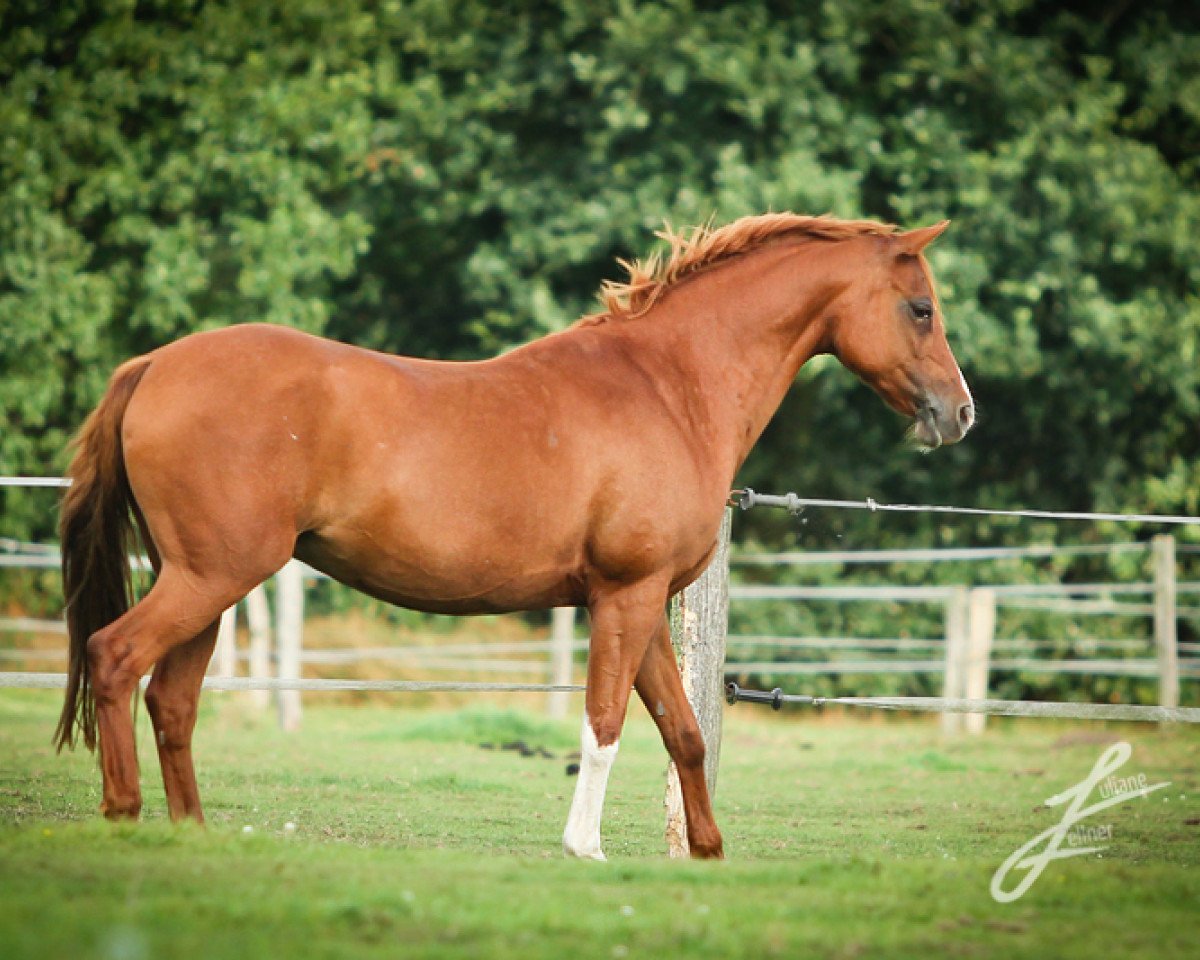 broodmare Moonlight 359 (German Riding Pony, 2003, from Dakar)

══════════

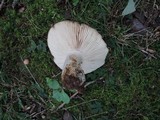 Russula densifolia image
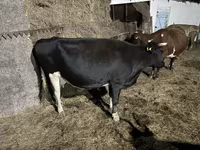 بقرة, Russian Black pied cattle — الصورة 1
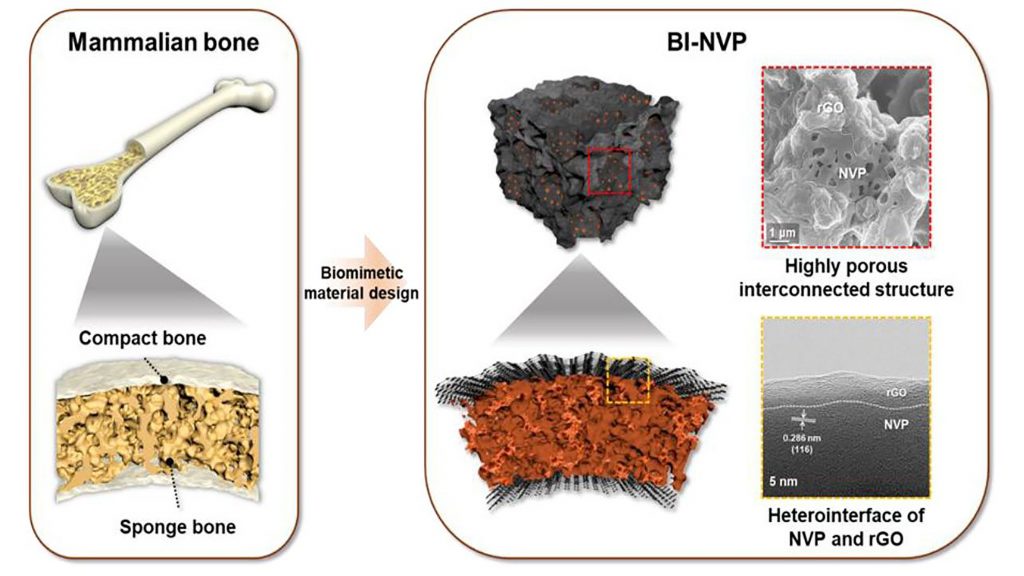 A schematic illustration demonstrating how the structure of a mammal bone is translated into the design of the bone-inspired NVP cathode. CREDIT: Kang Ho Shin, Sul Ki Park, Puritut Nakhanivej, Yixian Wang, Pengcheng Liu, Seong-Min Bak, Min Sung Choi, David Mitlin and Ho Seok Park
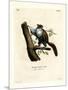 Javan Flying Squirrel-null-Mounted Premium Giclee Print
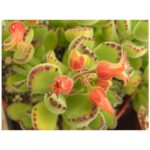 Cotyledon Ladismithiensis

══════════

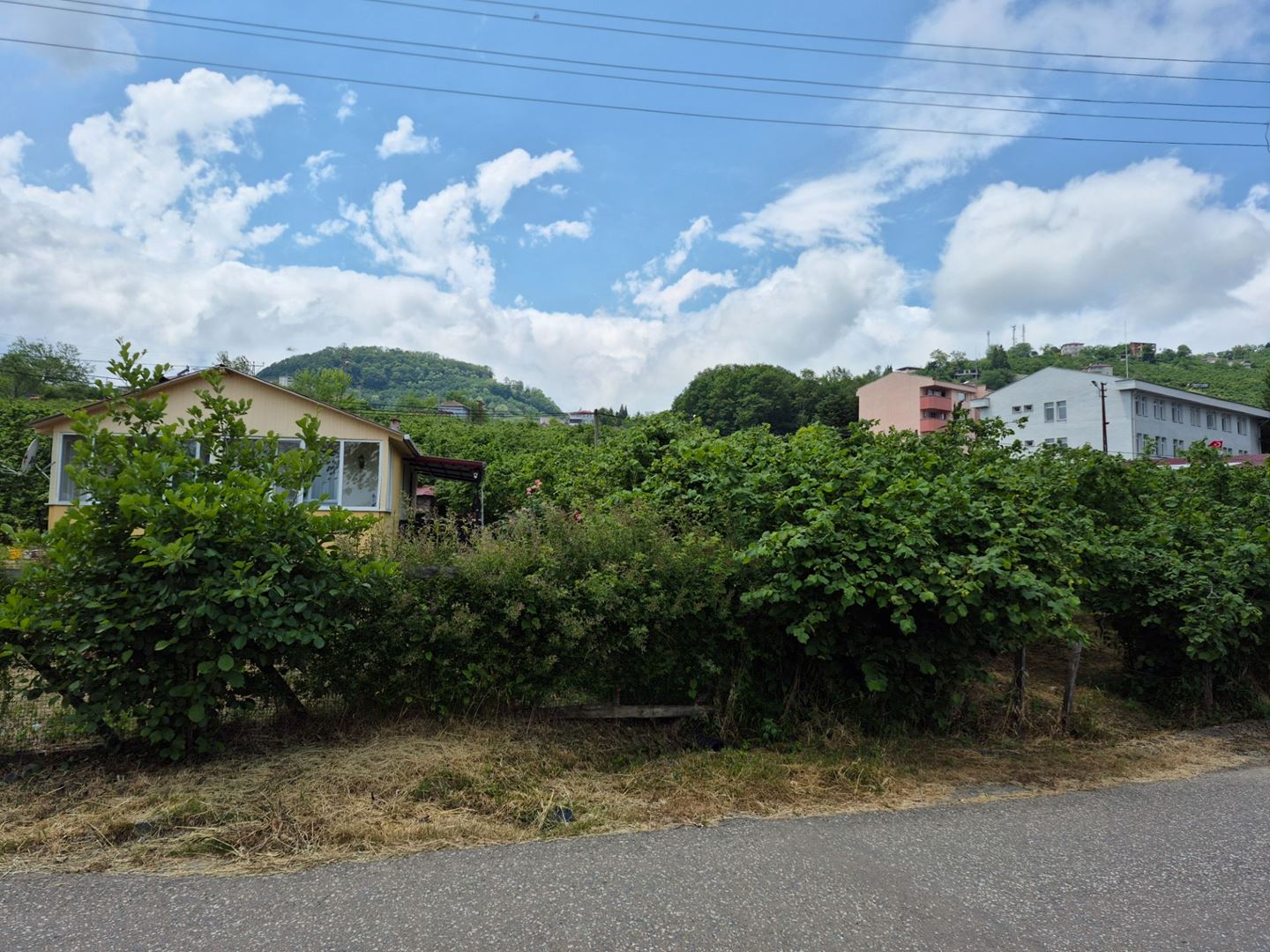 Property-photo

══════════

▶ _REQUIREMENT_
Give again the stretch of the entries above that begins at the line with "Javan Flying Squirrel-null-Mounted" and ends at the line with "Cotyledon Ladismithiensis", word for word, with no pictures.

▶ _OUTPUT OF THE EXERCISE_
 Javan Flying Squirrel-null-Mounted Premium Giclee Print
 Cotyledon Ladismithiensis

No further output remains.